Google Cloud Pub/Sub

Cribl Stream supports receiving data records from Google Cloud Pub/Sub, a managed real-time messaging service for sending and receiving messages between applications.

Type: Pull | TLS Support: YES (secure API) | Event Breaker Support: No

Configuring Cribl Stream to Receive Data from Pub/Sub

From the top nav, click Manage, then select a Worker Group to configure. Next, you have two options:

To configure via the graphical QuickConnect UI, click Routing > QuickConnect (Stream) or Collect (Edge). Next, click Add Source at left. From the resulting drawer’s tiles, select [Pull > ] Google Cloud > Pub/Sub. Next, click either Add Destination or (if displayed) Select Existing. The resulting drawer will provide the options below.

Or, to configure via the Routing UI, click Data > Sources (Stream) or More > Sources (Edge). From the resulting page’s tiles or left nav, select [Pull > ] Google Cloud > Pub/Sub Next, click New Source to open a New Source modal that provides the options below.

General Settings

When working with Google Cloud Pub/Sub, you need to know:

  • The project where your credentials originated.
  • The project that contains any topic and subscription you want to work with.

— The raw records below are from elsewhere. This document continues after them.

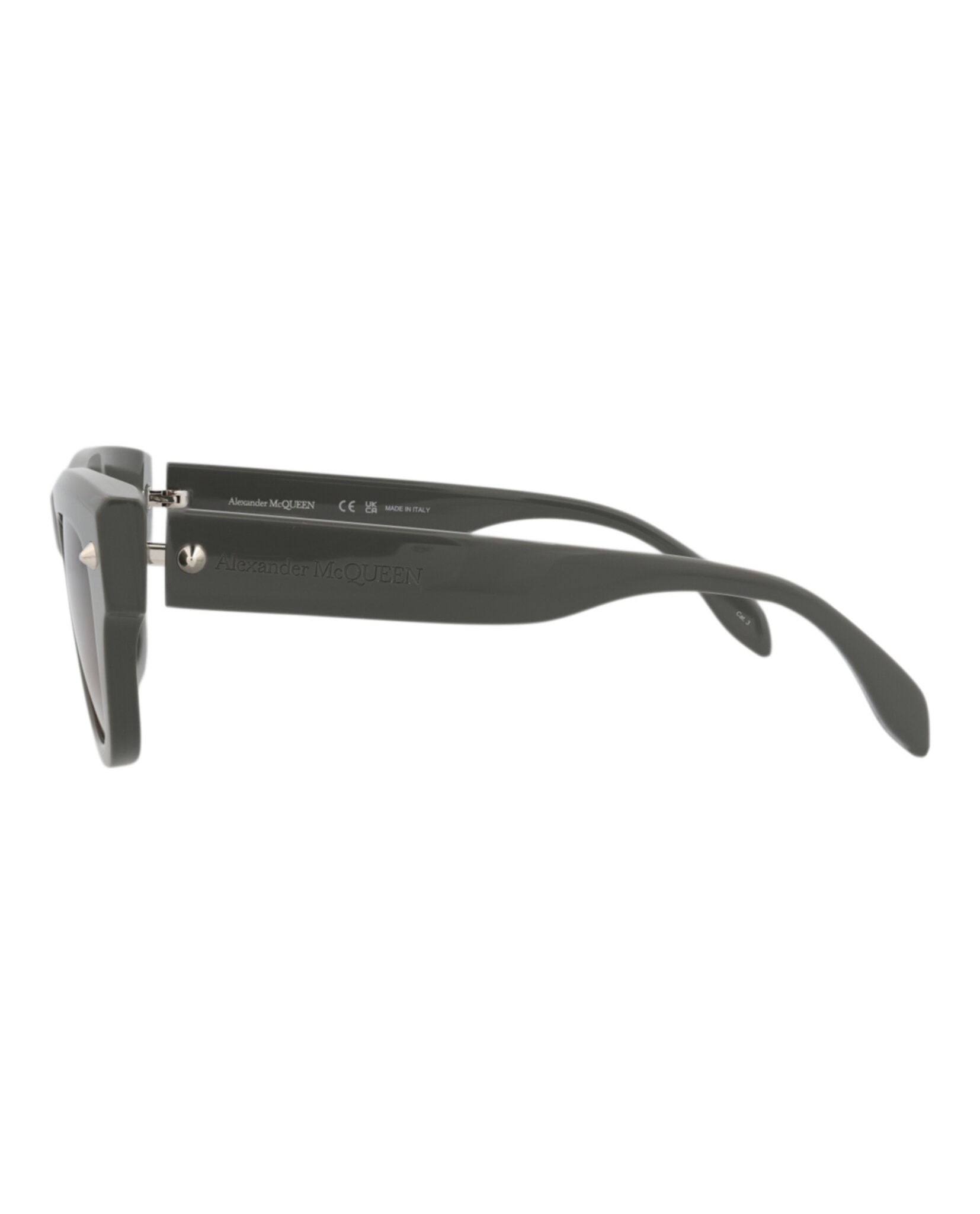Alexander McQueen Mens Square/Rectangle Grey Grey Brown Fashion Designer Eyewear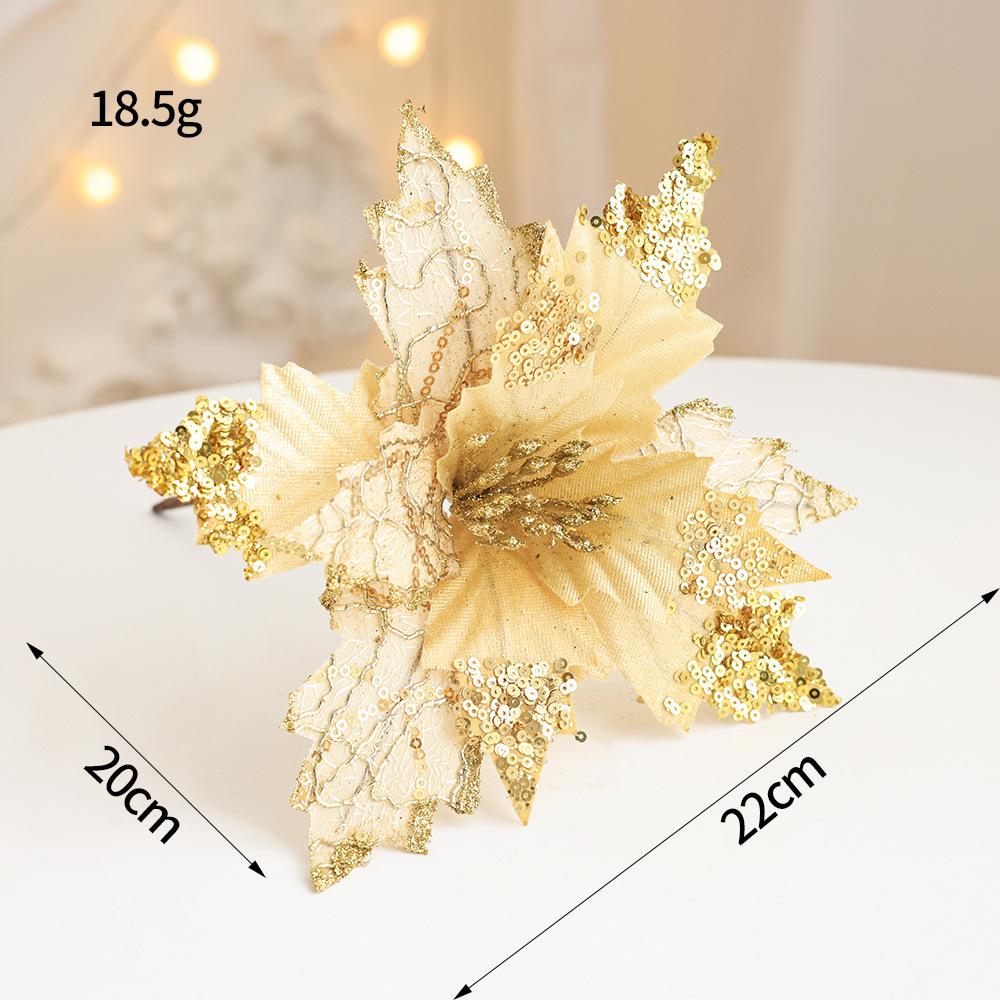 Christmas flower gold simulation Christmas tree decoration flower 20cm sequined flannel home decoration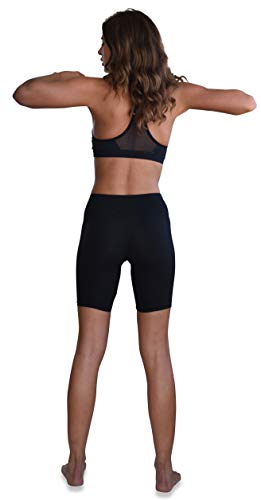Sexy Basics Womens 3 Pack Sheer & Sexy Cotton Spandex Boyshort Yoga Bike Shorts (Large- 7, 3 Pk Black) #TOP2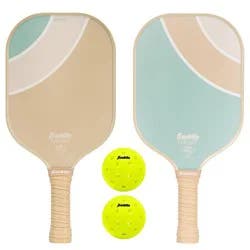 Franklin Sports 2 Player Poly Paddle with Ball Set - Green/Tan: Fiberglass Pickleball Racquets
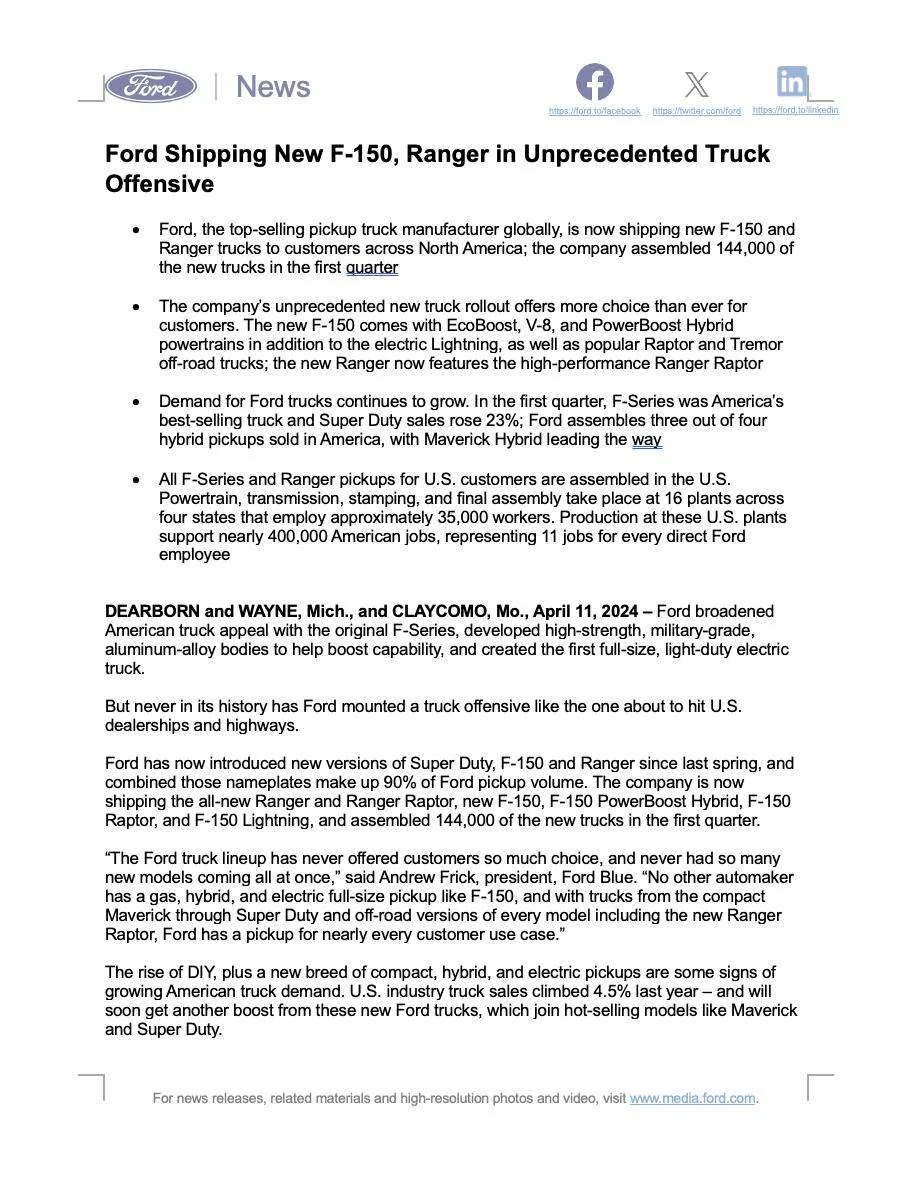 Ford Ranger News release: Ford Shipping New Ranger, F-150 in Unprecedented Truck Offensive Screenshot 2024-04-11 at 1.21.50 PM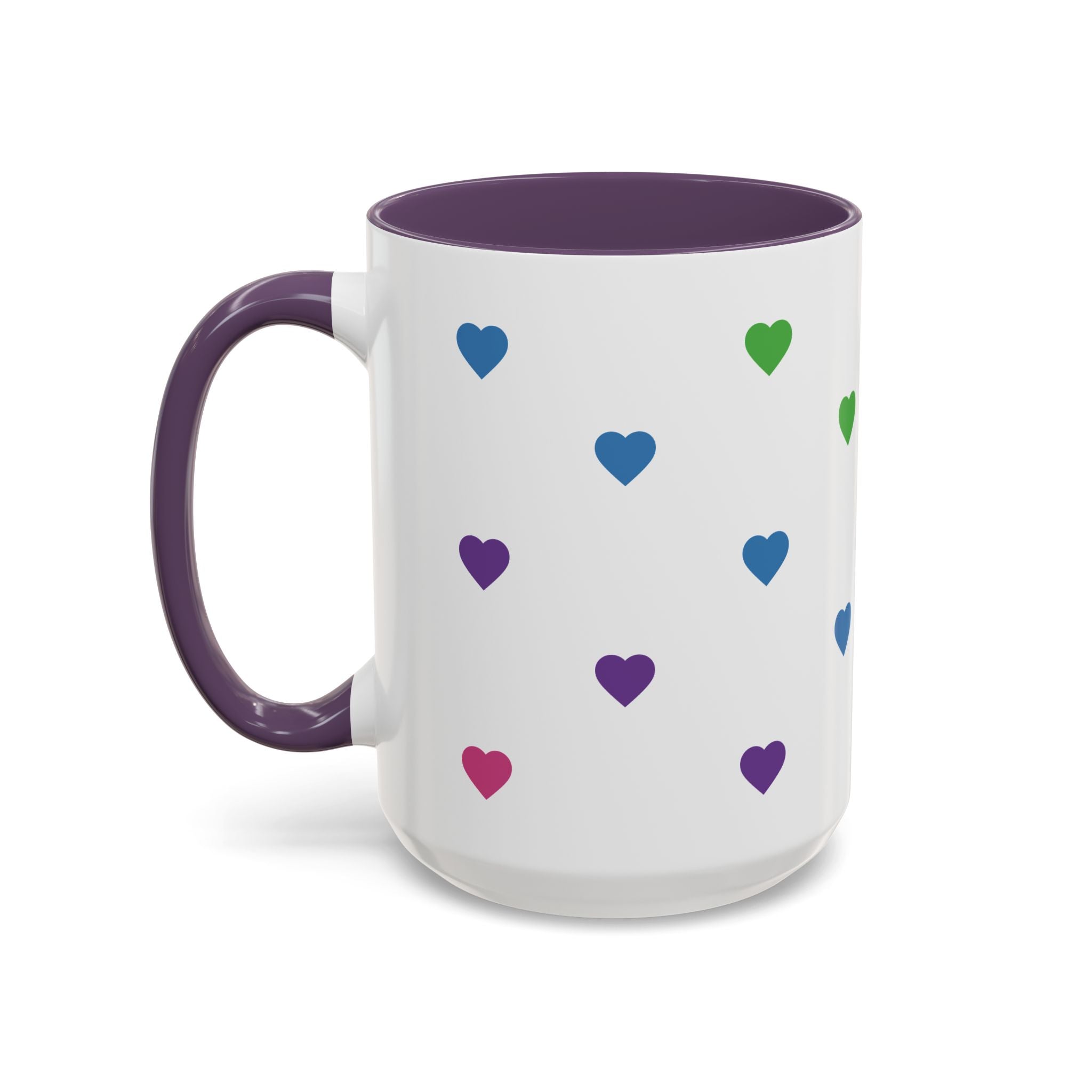 Rainbow Heart Accent Coffee Mug — Cute Colorful Patterned Ceramic Mug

If the desired topic and subscription reside in the same project where your credentials originated, describe them using either short names or fully-qualified names.

If the desired topic and subscription reside in a different project than the one where your credentials originated, you must describe them using fully-qualified names.

Here’s an example of a fully-qualified topic name: projects/my-project-id/topics/my-topic-id.

The short name for the same topic would be: my-topic-id.

Input ID: Enter a unique name to identify this Pub/Sub Source definition.

Topic ID: ID of the Pub/Sub topic from which to receive events.

Subscription ID: ID of the subscription to use when receiving events.

Optional Settings

Create topic: If toggled to Yes, Cribl Stream will create the topic on Pub/Sub if it does not exist.

Create subscription: If set to Yes (the default), Cribl Stream will create the subscription on Pub/Sub if it does not exist.

Ordered delivery: If toggled to Yes, Cribl Stream will receive events in the order that they were added to the queue. (For this to work correctly, the process sending events must have ordering enabled.)

Region: Region to retrieve messages from. Select default to allow Google to auto-select the nearest region. (If you’ve enabled Ordered delivery, the selected region must be allowed by message storage policy.)

Tags: Optionally, add tags that you can use to filter and group Sources in Cribl Stream’s Manage Sources page. These tags aren’t added to processed events. Use a tab or hard return between (arbitrary) tag names.

Authentication

Use the Authentication method drop-down to select a Google authentication method:

Auto: This option uses the environment variables PUBSUB_PROJECT and PUBSUB_CREDENTIALS, and requires no configuration here.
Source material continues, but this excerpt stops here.